Manhattan plot showing association between methylation at individual CpG sites and chronological age. Plotted are P-values indicating strength of association between DNA methylation levels at >27 000 CpG sites and age in cerebellum (purple), frontal cortex (green), pons (blue) and temporal cortex (red). For each point, a positive association between DNA methylation and chronological age is indicated by upward pointing triangles; a negative association is indicated by downward pointing triangles.
Figure 2.
Figure 2.
Covariate-adjusted methylation levels in cerebellum (purple), frontal cortex (green), pons (blue) and temporal cortex (red) for 10 CpG sites where methylation levels increase significantly with age in all four brain regions (based on a Bonferroni threshold for significance of P = 1.8 × 10−6). Notably for all 10 loci that met our conservative threshold for significance, methylation levels were positively associated with age.
Figure 3.
Figure 3.
An excess of CpG sites where DNA methylation is positively associated with age exists in significant results.
Figure 4.
Figure 4.
Ternary plots showing concordance of combined P-values from phase I analyses across all four brain regions stratified by CpG island or non-island status. (AH) The combined magnitude of association per CpG site for all possible combinations of brain regions. The cumulative log10 P-value is the additive combination of P-values (transformed to a −log10 scale) across three brain regions spatially indicated in the ternary plots. For each side of the ternary plots, the 0–1 scale is related to the untransformed P-values, with each side labeled per brain region analyzed in the discovery phase of analyses. These plots show that most robust associations, with the largest combined P-values across multiple brain regions (on the −log10 scale) occur at CpG islands.
Figure 5.
Figure 5.
Data from stage II comparing results from cerebellum and frontal cortex, showing that significant results across two or more tissues often occur at similar methylation levels across various tissues, seemingly robust to the magnitude of methylation. (A) The dispersion of all results in stage II across varying levels of methylation in both tissue types regardless of statistical significance, whereas (F) presents the same data but also overlays the subsets of the data shown in (B)–(E). (B)–(E) describe subsets of results significant across a number of brain regions evident in the panel labels within the figure.
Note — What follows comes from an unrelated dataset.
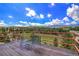 Enjoy the view from this wooden deck with red railing and comfortable seating at 10550 Highway 73, Conifer, CO 80433
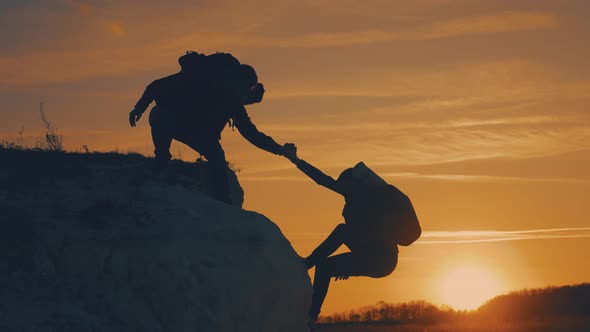 Silhouette of Helping Hand Between Two Climber. Two Hikers on Top of the Mountain, a Man Helps a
The cumulative log10 P-value is the additive combination of P-values (transformed to a −log10 scale) across brain regions for the same CpG site.
Figure 6.
Figure 6.
A map of enriched functional clusters for genes proximal to age-associated CpG sites based on DAVID functional annotation clustering. This figure shows the inferred functional relatedness of clustered genes at a greater than 4-fold level of enrichment among significant results in phase I of this study, as described in Table 2. Line thickness connecting nodes indicates relative P-value of the term within the cluster, with the thickest line representing the most significant term (P = 1.6 × 10−19) and the thinnest lines representing the least significant term (P = 2.5 × 10−5). The numbers in the red ‘hub’ nodes denote the cluster number described in Table 2, with relative size of each node representing the count of each particular node from DAVID analyses, and nodes connected across clusters showing functional overlaps.